It's Dec. 1 and the Cleveland Browns find themselves at a crossroads: Which quarterback gives the team the best chance to advance to the playoffs?
While coach Mike Pettine and the coaching staff deliberate the quarterback position, we thought we'd present you with a pros list of why each quarterback deserves to get the nod.
Pros of Brian Hoyer
1) He's been the starter all season long, winning seven games and has helped Cleveland wildly exceed expectations.
2) He has four fourth-quarter comeback victories this season. He's proven he's clutch late in close games.
3) He was with the Patriots during three playoff runs, including a trip the Super Bowl in 2011.
4) He's shown leadership ability in rallying teammates and giving confidence to younger players such as Taylor Gabriel.
5) Hoyer has experience reading NFL defenses and often has made the right audible calls throughout the season.
The bottom line on Hoyer
It's evident that Hoyer is not playing his best football right now. In his last two games, the quarterback has thrown five interceptions while posting a combined quarterback rating of 51.65. The offense has moved the football, but too often Cleveland has been settling for field goal attempts. The Browns can still win games if Hoyer is inaccurate, but they won't be able to win big games down the stretch if Hoyer is turning the ball over.

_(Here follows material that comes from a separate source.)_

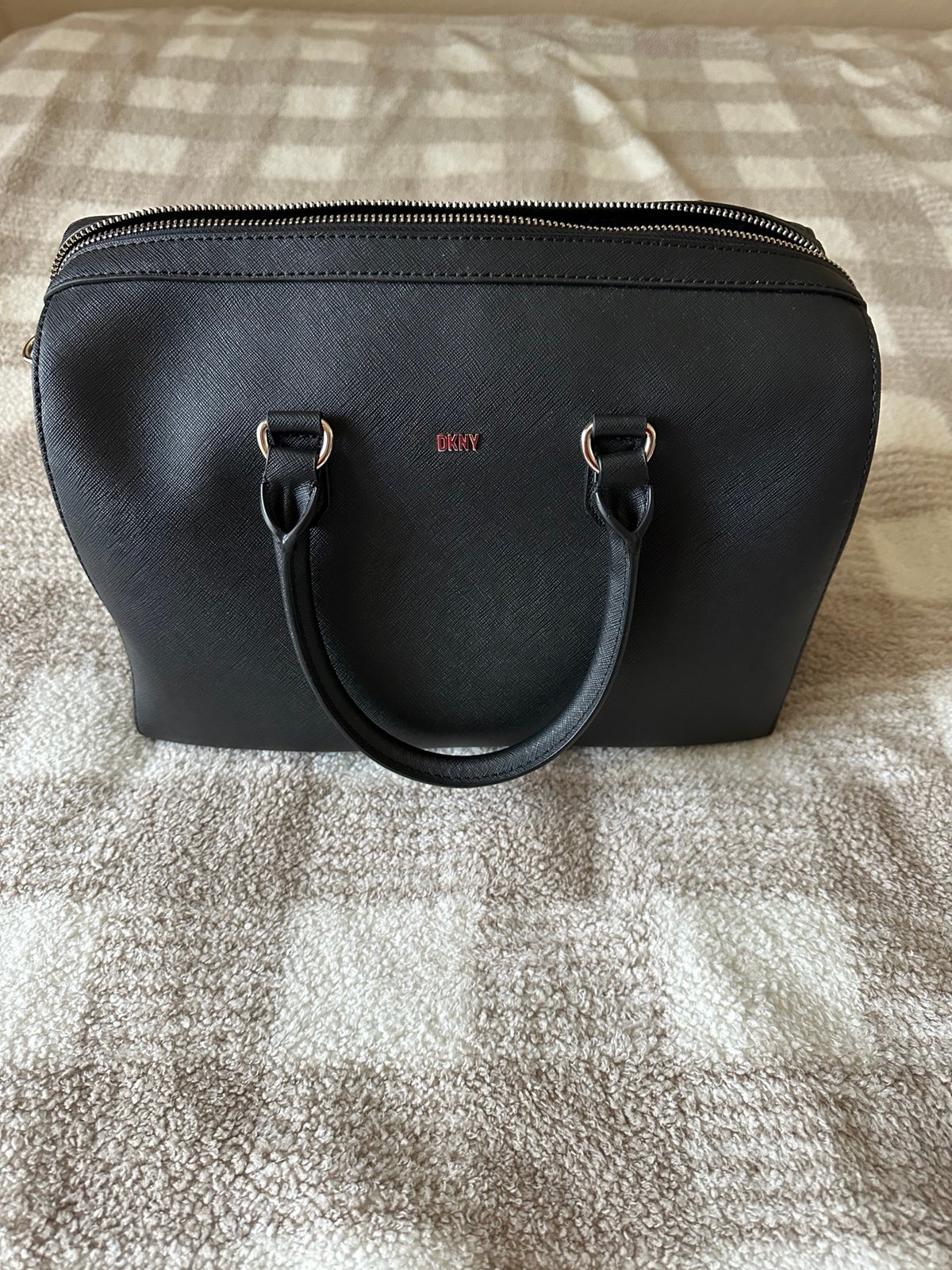 DKNY Bryant Park LG Duffle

Here's the thing: In the snap judgment world we live in, naysayers are ready to completely abandon Hoyer. Two poor performances in a row doesn't mean Hoyer's season at quarterback has been a failure, or even further that he can't rediscover the player he was in earlier in the season. At the halfway point many Browns beat writers wrote that Hoyer was the MVP of this football team. Who is to say the veteran won't respond to getting benched and come out on fire against the Colts? Ask the Steelers, Bengals, Titans and Falcons: Hoyer can make enough throws to beat you.
Pros of Johnny Manziel
1) His mobility changes the way defenses play the Browns and may open up the running game.

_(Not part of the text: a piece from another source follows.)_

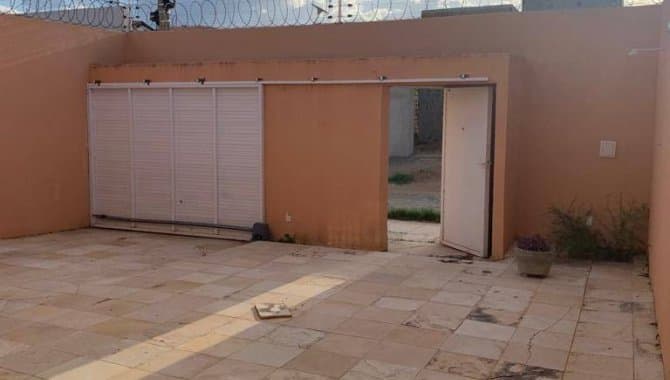 Foto 20 de 41: Casa em leilão em Sobral - CE — Casa, Padrão, 1 Vaga(S) de Garagem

2) He thrived in pressure situations during his college career at Texas A&M.
3) Other teams don't have an adequate amount of film to study him.
4) Sometimes making a change just for the sake of change can spark a football team.
5) His arm strength is underrated.
The bottom line on Manziel
Given the chance to show the coaching staff what he was made of, Manziel responded. The Browns' lone touchdown drive against the Bills was because of the precision passing, shifty feet and – most importantly – the energy the rookie quarterback visibly brought to the table. Manziel's got the arm strength to make all of the throws and the mobility to become a weapon in the running game – a la Russell Wilson and Colin Kaepernick. The Browns need more offensive firepower to match the play of their stingy defense.
Here's the thing: As exciting and talented as Manziel is, does he realistically give the Browns the best chance to make the playoffs? With the postseason within reach for the first time since 2002, a bold decision to pull the trigger on Manziel shouldn't be based on any thoughts about the future of the organization. As Joe Haden said, the time is now. It would be naïve of even Manziel's staunchest supporters to think there won't be any growing pains for the rookie quarterback. He will turn the ball over. And there will be a few head-scratching moments. But there will also be plays like his 10-yard touchdown scramble that could ignite the offense.
Manziel passed his small little pop quiz against the Bills. But can he shoulder the burden of taking over the team in the most critical stretch of the season?